The other element from western films here, since you bring up violent imagery, is the weapon from the West, the pistol brandished by Unosuke. Since Kurosawa was influenced by the American Western, what does the introduction of the gun, and what ultimately happens to its owner, mean within the context of this story and its themes?

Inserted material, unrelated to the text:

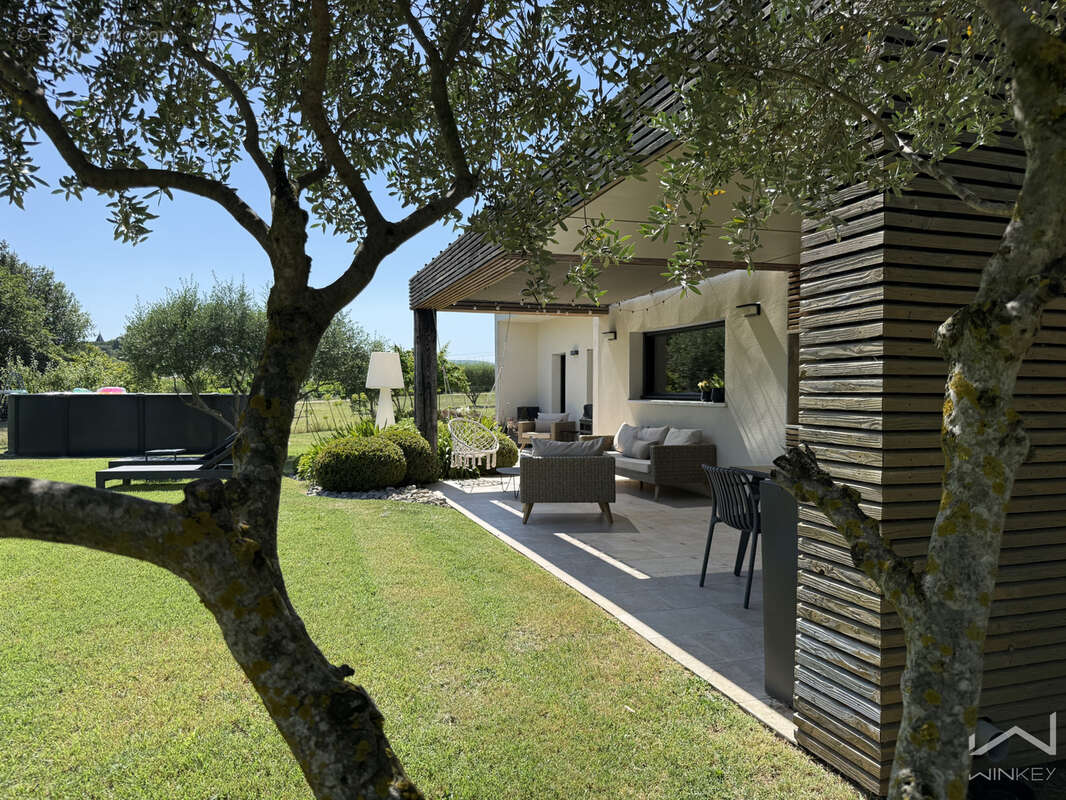 Maison à PONT-SAINT-ESPRIT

Pick: Well, here I return to the parody idea I briefly raised. Clearly, the gun is there to show the limits of swordplay, though in a subtler fashion than my favorite scene from Raiders of the Lost Ark, when Harrison Ford pulls out his pistol and shoots the sword-carrying villain threatening him. But, Unosuke (played by a guy I have to assume was the Ricky Nelson of Japan, as he is so very clearly a teen idol type who refused to look as though he really lived 100 years before the film was shot) dies because he, like the others in the town, does not live by the code Sanjuro believes. He has a more powerful weapon, but he’s an amateur who does not respect its power.

I did love that whole final scene with him, when he begs Sanjuro to restore the gun to his hand because he feels naked without it, and wants to be allowed to die with his metaphorical boots on. Sanjuro, of course, gives it to him because it is the honorable thing to do, though I suspect he also relies on Unosuke messing things up even as he dies and not being able to lift the gun high enough to shoot him.

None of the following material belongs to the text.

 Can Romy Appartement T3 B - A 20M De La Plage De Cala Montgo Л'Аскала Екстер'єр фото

We haven’t spoken at all about the mythical nature of Sanjuro, his ability to defeat almost any enemy, and his unbelievable escape from the trap of being locked in a room by his admittedly klutzy enemies. So, I’m gonna turn it over to you to tell me what you think of the concept that Sanjuro was a virtual superhero in a farcical world.

Leftridge: Yeah, Sanjuro’s superheroic qualities are on display, sure; he’s untouchable with the sword, he’s apparently un-beat-to-death-able, and he can get the best of a seemingly superior weapon. At the same time, he’s human enough: those brilliant tics and shrugs that we see throughout the film, the times in which he seems to work the feud for his own monetary profit, and his black-humor incivility, as when he barks at the couple he saves: “Shut up! I hate pathetic people. I’ll have to kill you.”

Sanjuro seems indestructible, but it’s only to exact more bloody revenge: “I’m not dying yet. I have to kill quite a few men first”. In the end, however, for all of his swagger, Sanjuro is the hero because he’s the confident zen master who is offended by the monopolies of power and greed that he sees in the town, and, rather than remaining on the sidelines, as most of us usually do, he takes action to bring them down.

Plus, it all looks gorgeous, thanks to Kurosawa’s vision, and all hail the deep-focus photography, beautiful framing, and glorious black-and-white cinematography of Kazuo Miyagawa, whose telephoto lenswork is as heroic as Sanjuro’s swordplay. It’s no wonder that Yojimbo spawned a few remakes although none of them quite compares to Kurosawa’s ballet of cool, stylistic cinema.